▶ [Source material]:

+-------+

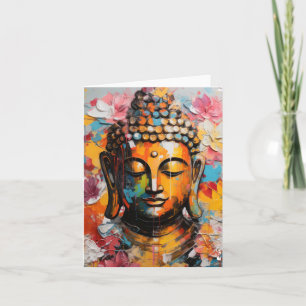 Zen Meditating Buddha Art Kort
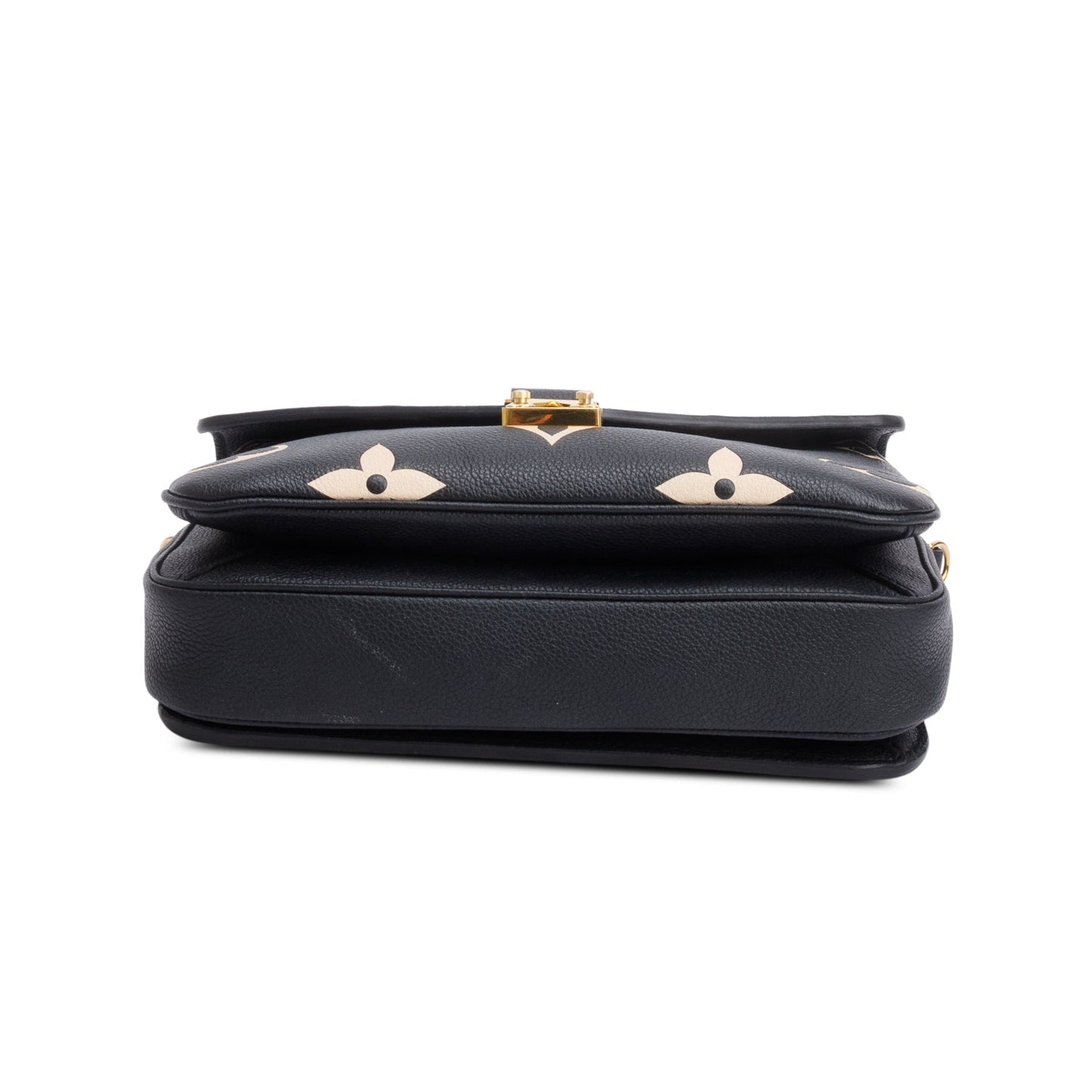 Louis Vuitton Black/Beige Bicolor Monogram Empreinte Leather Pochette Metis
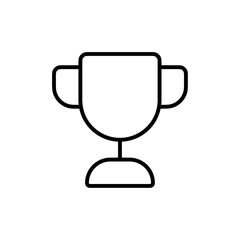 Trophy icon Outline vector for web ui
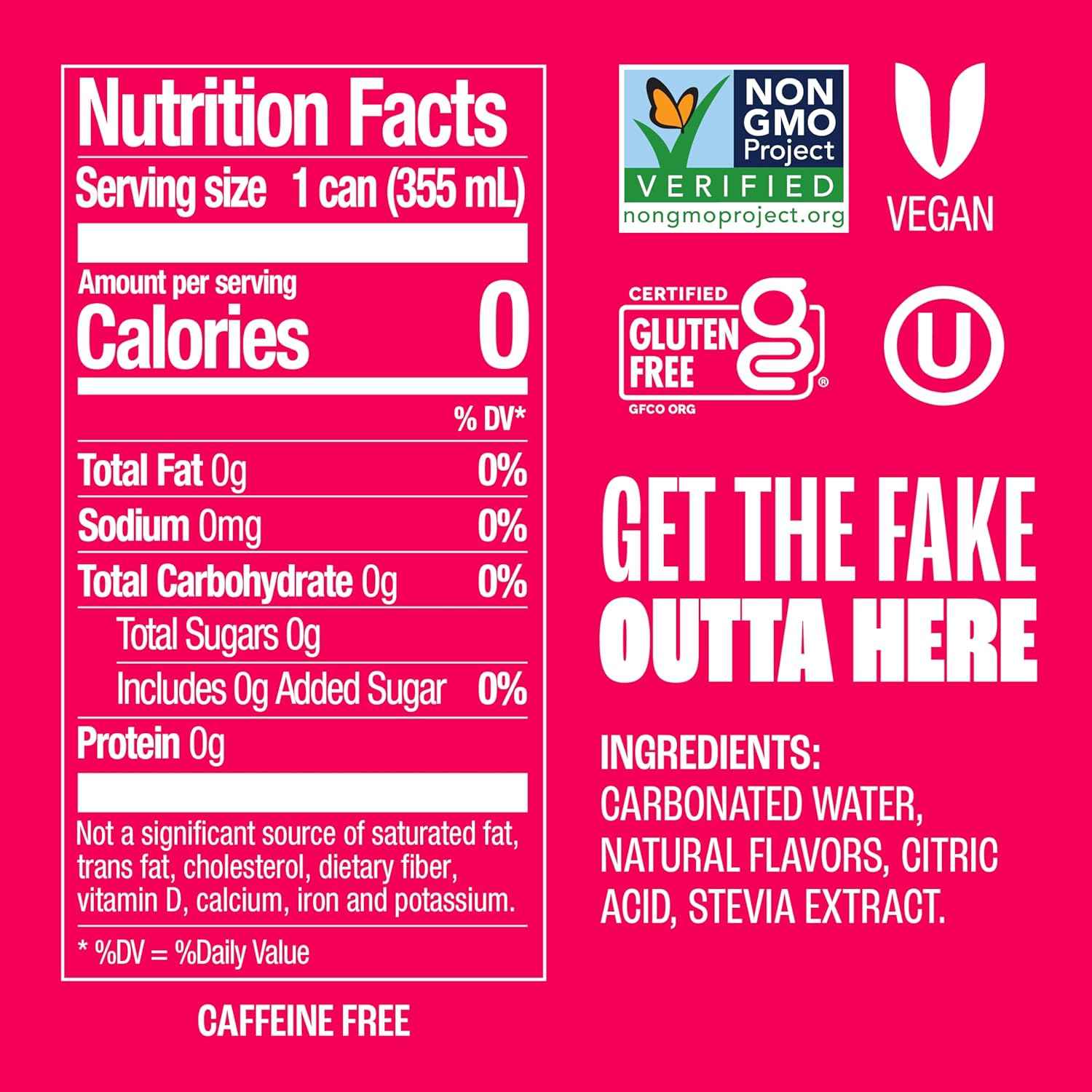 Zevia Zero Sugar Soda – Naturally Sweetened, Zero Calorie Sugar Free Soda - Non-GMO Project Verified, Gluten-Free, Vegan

+-------+

Exactly the lines running from the one with "Louis Vuitton Black/Beige" through the end of the listing above must be output, both ends included. No pictures belong in the output.

 Louis Vuitton Black/Beige Bicolor Monogram Empreinte Leather Pochette Metis
 Trophy icon Outline vector for web ui
 Zevia Zero Sugar Soda – Naturally Sweetened, Zero Calorie Sugar Free Soda - Non-GMO Project Verified, Gluten-Free, Vegan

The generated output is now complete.